[Opening Records for this exercise section]

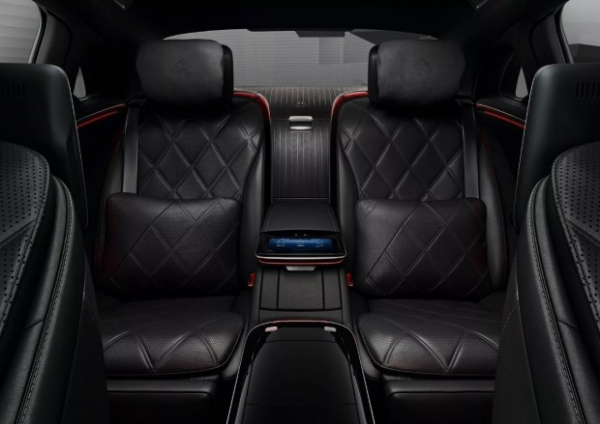 Mercedes-Maybach представив &laquo;нічну серію&raquo; всього модельного ряду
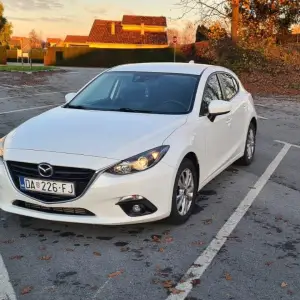 Mazda 3 2015 150ks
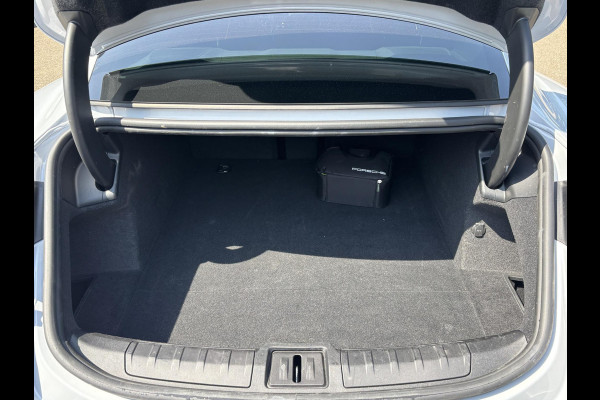 Porsche Taycan Performance 84 kWh ORIG. NL. NAP KM. | MEMORY SEAT | SPORT CHRONO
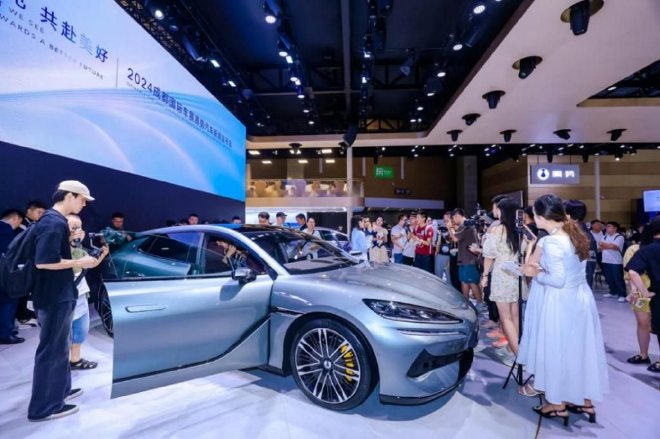 Chengdu Auto Show Highlights: Tengshi & Denza Unveil Innovative EVs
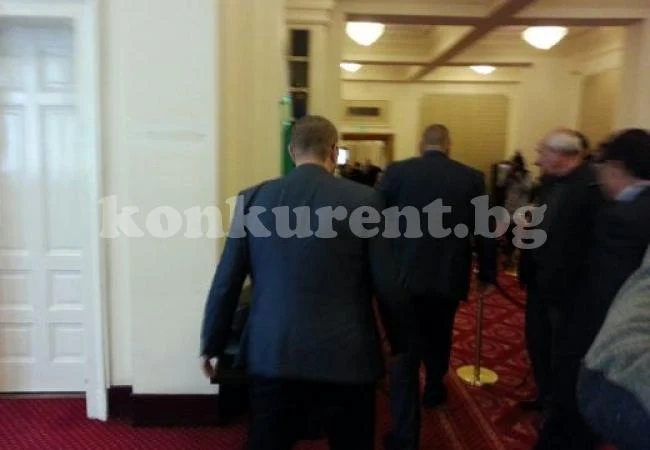 Развръзката: Бойко Борисов пристигна в парламента за лидерската среща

[Closing Records for this exercise section]

● **Exercise brief**: Leaving the pictures out, give back each line above exactly.

● **Result of this task**:
 Mercedes-Maybach представив &laquo;нічну серію&raquo; всього модельного ряду
 Mazda 3 2015 150ks
 Porsche Taycan Performance 84 kWh ORIG. NL. NAP KM. | MEMORY SEAT | SPORT CHRONO
 Chengdu Auto Show Highlights: Tengshi & Denza Unveil Innovative EVs
 Развръзката: Бойко Борисов пристигна в парламента за лидерската среща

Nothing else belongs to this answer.